• What you should do: All that is wanted is the line with "Caravaggi BIO 90" and each line after it to the end of the data below, set down exactly and without pictures.

• Collected material:
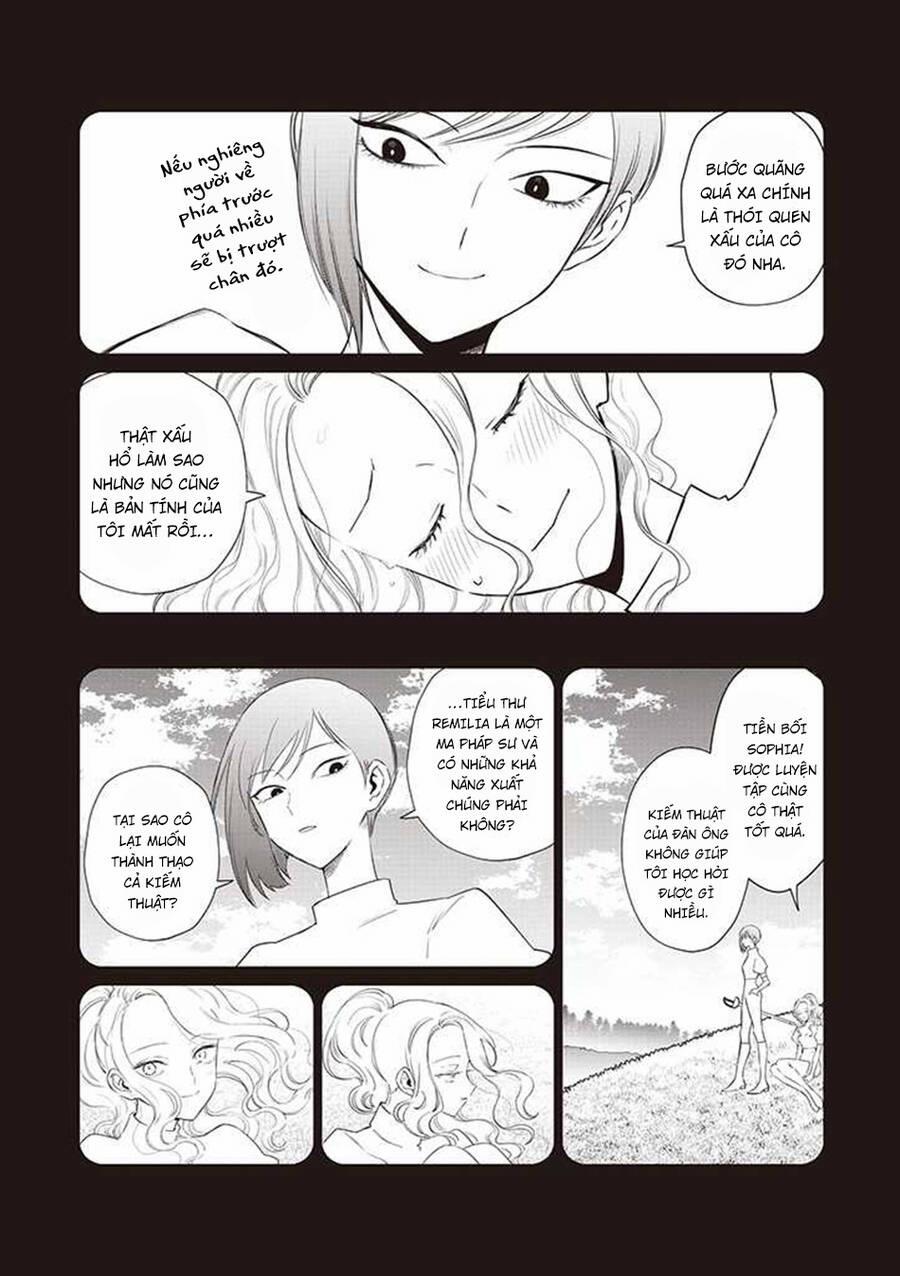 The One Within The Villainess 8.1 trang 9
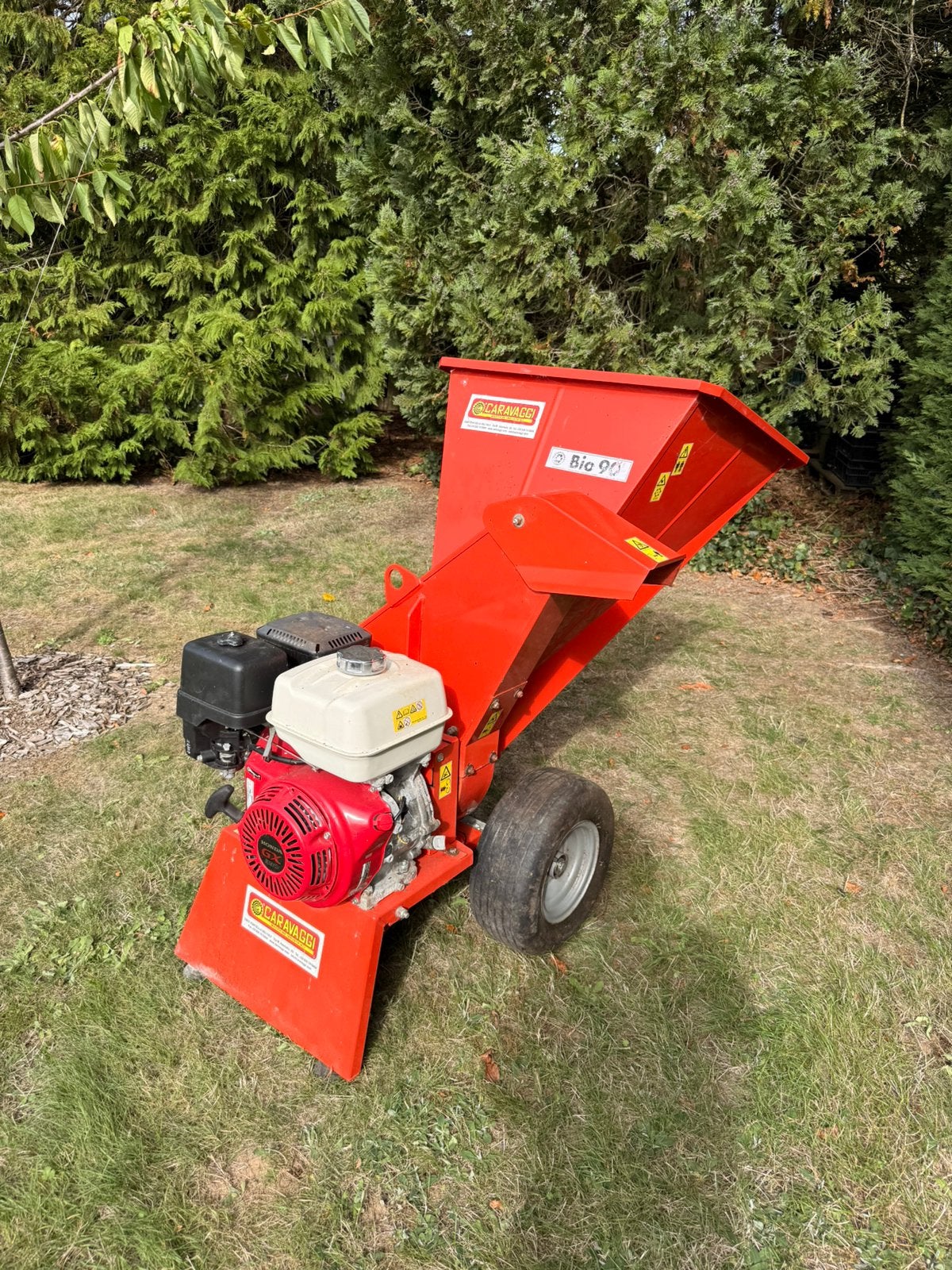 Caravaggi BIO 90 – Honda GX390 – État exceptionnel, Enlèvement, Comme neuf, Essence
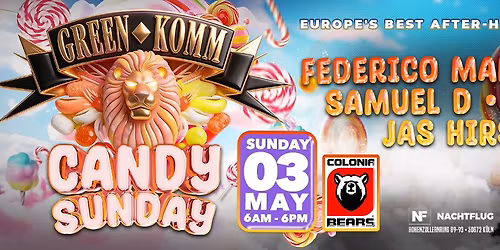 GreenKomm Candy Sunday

• Output below:
 Caravaggi BIO 90 – Honda GX390 – État exceptionnel, Enlèvement, Comme neuf, Essence
 GreenKomm Candy Sunday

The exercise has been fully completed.